New Theory Says Schrödinger Equation Solves Mystery of Space's Largest Structures
Let's get a few things straight right out the gate: First, the scientist Erwin Schrödinger did more in his life than muse on the specifics of murdering cats in boxes. Second, Schrödinger's Cat is meant as a metaphor for quantum physics, not the actual way that a cat would behave when shoved into a potentially-radioactive space.
This is important. One of the big challenges surrounding quantum mechanics, the field of study that Schrödinger is best known for, is that quantum materials—atoms and other teeny tiny particles—don't behave the same way as larger objects. Thus, quantum mechanics requires its own field of study, separate from classical mechanics.
Schrödinger pioneered an equation that provided the basis for work that eventually earned him a Nobel Prize. The Schrödinger Equation is essentially a guide to working out the behavior of certain quantum particles, and how they will behave under different conditions. This equation only applies to tiny atoms and the like and certainly doesn't describe the movement of bigger things like cats.

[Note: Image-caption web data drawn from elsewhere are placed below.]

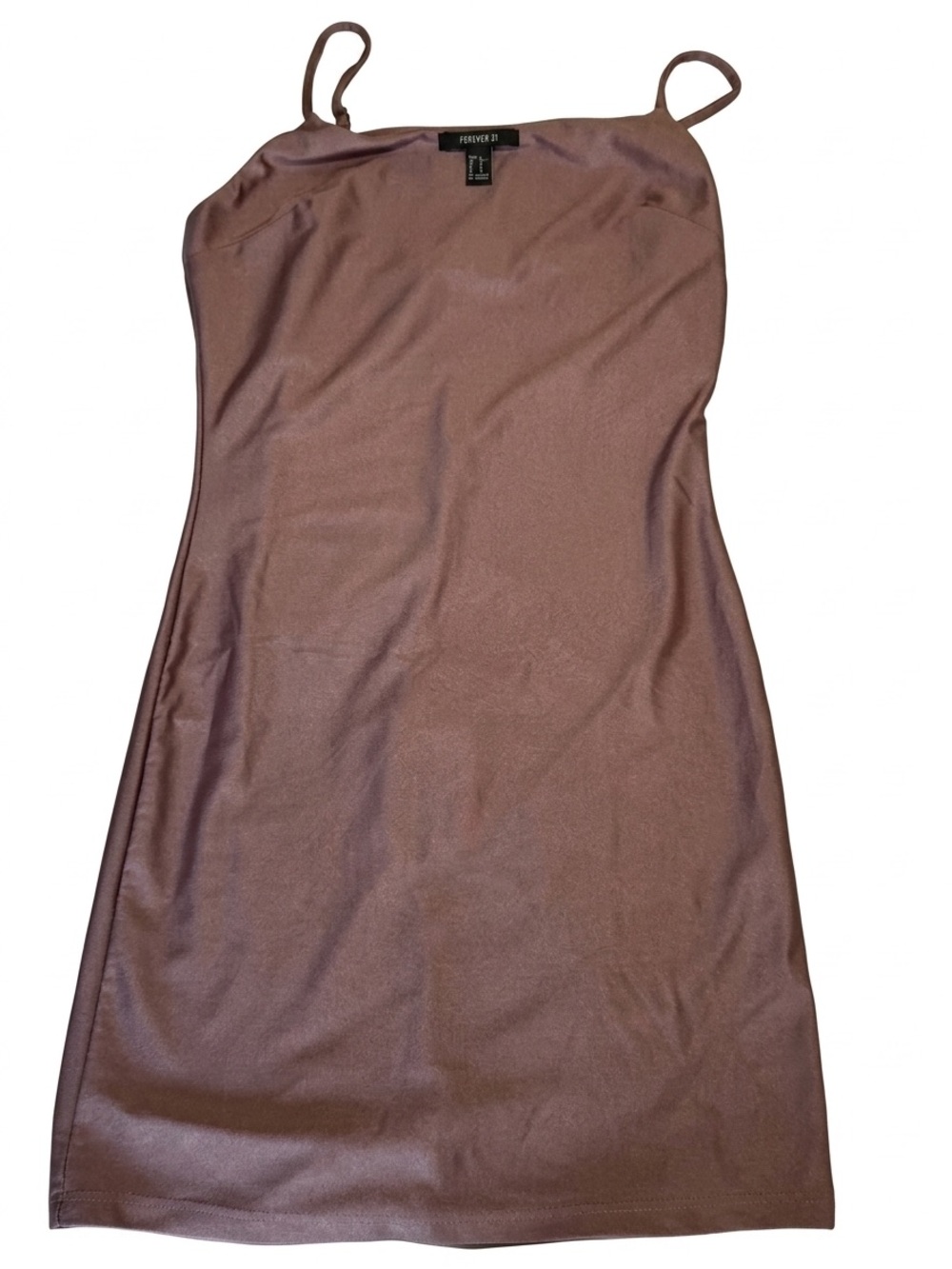 Forever 21 Mauve Brown Satin Mini Slip Dress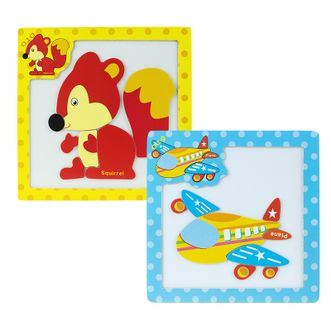 婴侍卫(BBG+) 儿童早教拼图玩具 木制磁性拼图 YSW2213 图案随机 婴侍卫(BBG+) 儿童早教拼图玩具 木制磁性拼图 YSW2213 图案随机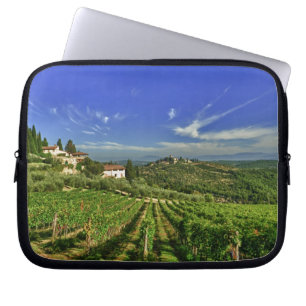 Italien, Toscana, Greve. Castellos vingårdar Laptop Fodral
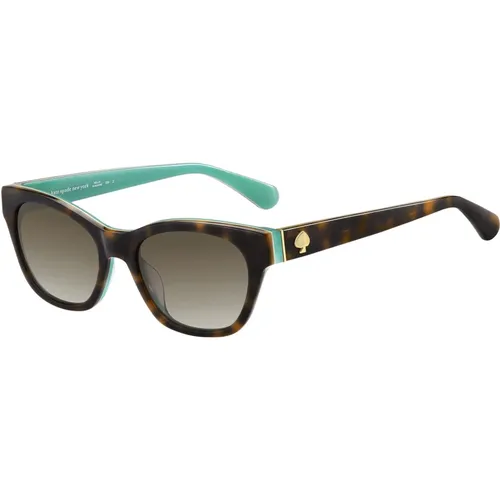 Havana/Light Shaded Sunglasses Jerri/S , female, Sizes: 50 MM - Kate Spade - Modalova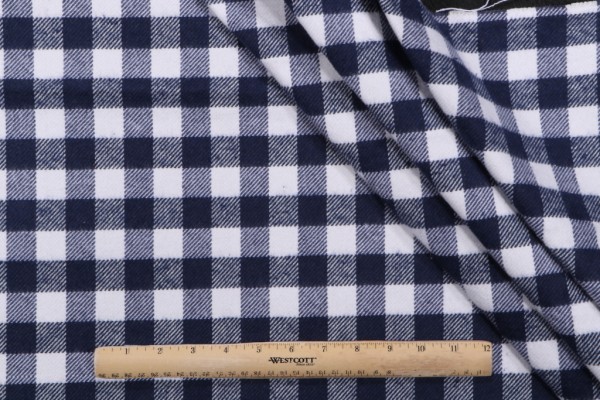 Vivian Woven Upholstery Fabric in Navy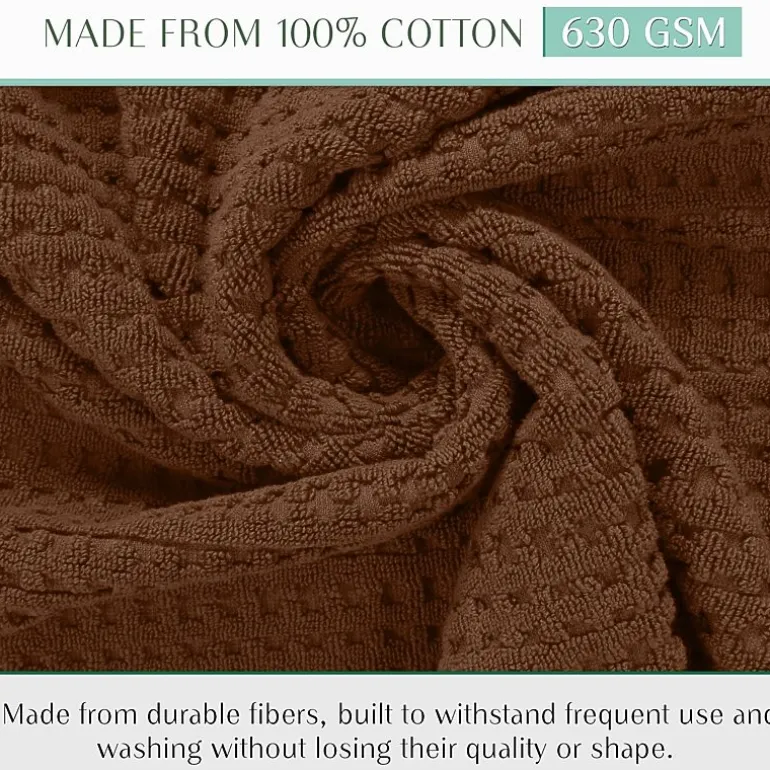 Home Weavers Inc Willow Collection 100% Cotton Zero Twist Super Absorbent 3-pc. Quick Dry Bath Towel Set
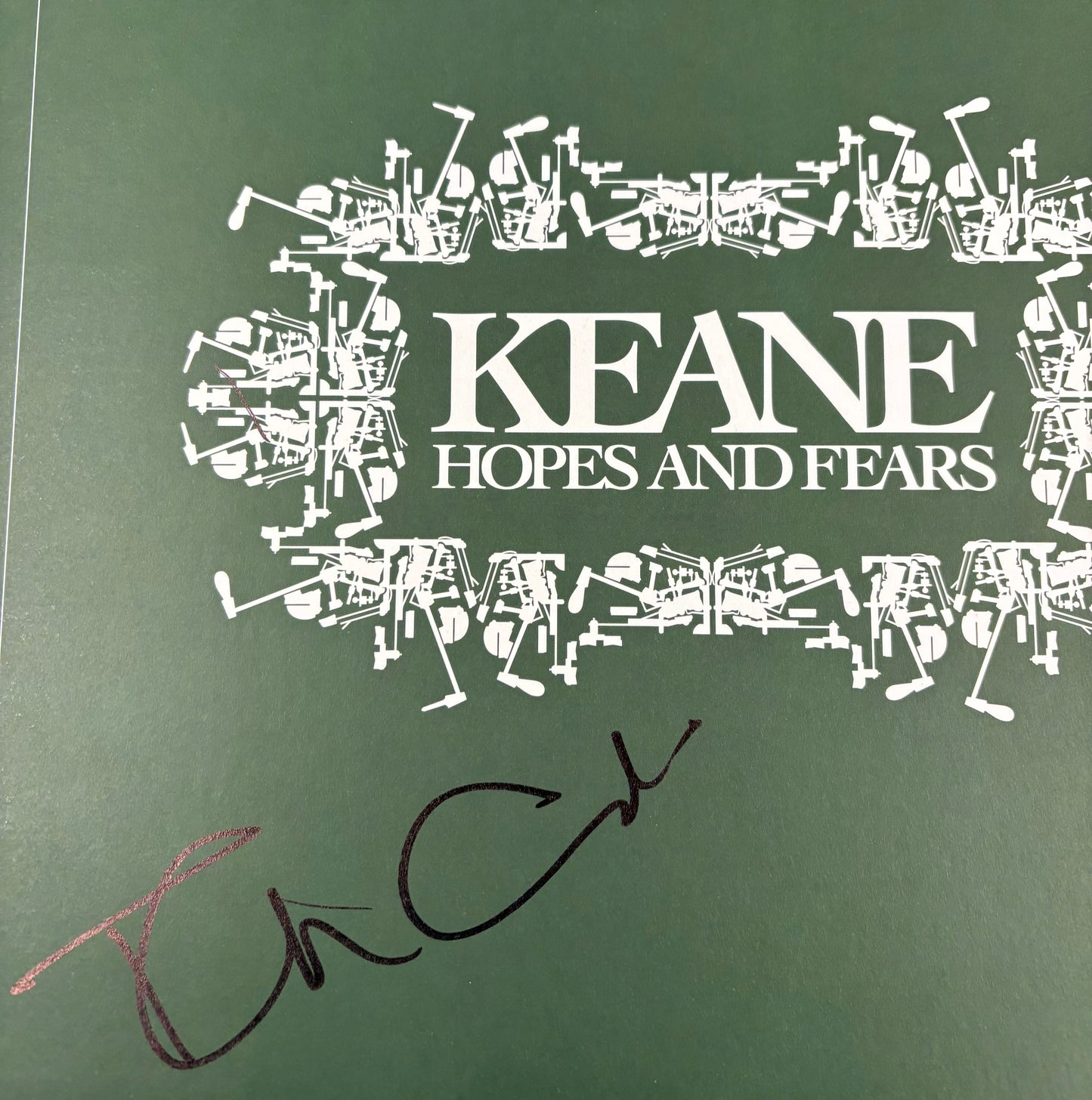 Tom Chaplin 'Keane' Signed Hopes and Fears 12'' Vinyl with COA (2)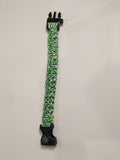 0035 Green Compass and Whistle Paracord Bracelet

According to groundbreaking new research though, some of the most massive structures in the universe that also behave according to the Schrödinger Equation, showing signs that they adhere to the rules of quantum mechanics. A new paper from planetary scientist Konstantin Batygin of the California Institute of Technology claims that the biggest structures in space—stars, black holes, and planets—show off the same wave-like properties in their debris fields that can be seen in the movements of quantum particles.
If this is true, this is a phenomenal breakthrough, but not one that catches everyone by surprise. For a while now, it's been understood that big structures like neutron stars behave like atoms the size of mountains, and the same types of gravitational behavior can be seen on the quantum and celestial scale, as planets circle around stars in much the same way that electrons orbit neutrons within an atom.
The specifics of this new theory require advanced knowledge of quantum mechanics to really get a handle on, but those who've done their homework, such as astrophysicist Duncan Forgan of the University of Saint Andrews (who wasn't part of this new research) are on board with some of the claims made in the theory.
"This is a fascinating approach, synthesizing very old techniques to make a brand-new analysis of a challenging problem," Forgan told Scientific American. "The Schrödinger equation has been so well studied for almost a century that this connection is clearly handy."
This new theory will be put through the same academic rigor that all new insight into the cosmos must endure—namely, scrutiny, conjecture, debate, and further theorizing—in order to determine how valuable it is as a way of understanding the universe.
If Batygin's writing manages to survive this process intact, it could very well change the face of quantum mechanics, and the way we approach physics at any level, for many years to come.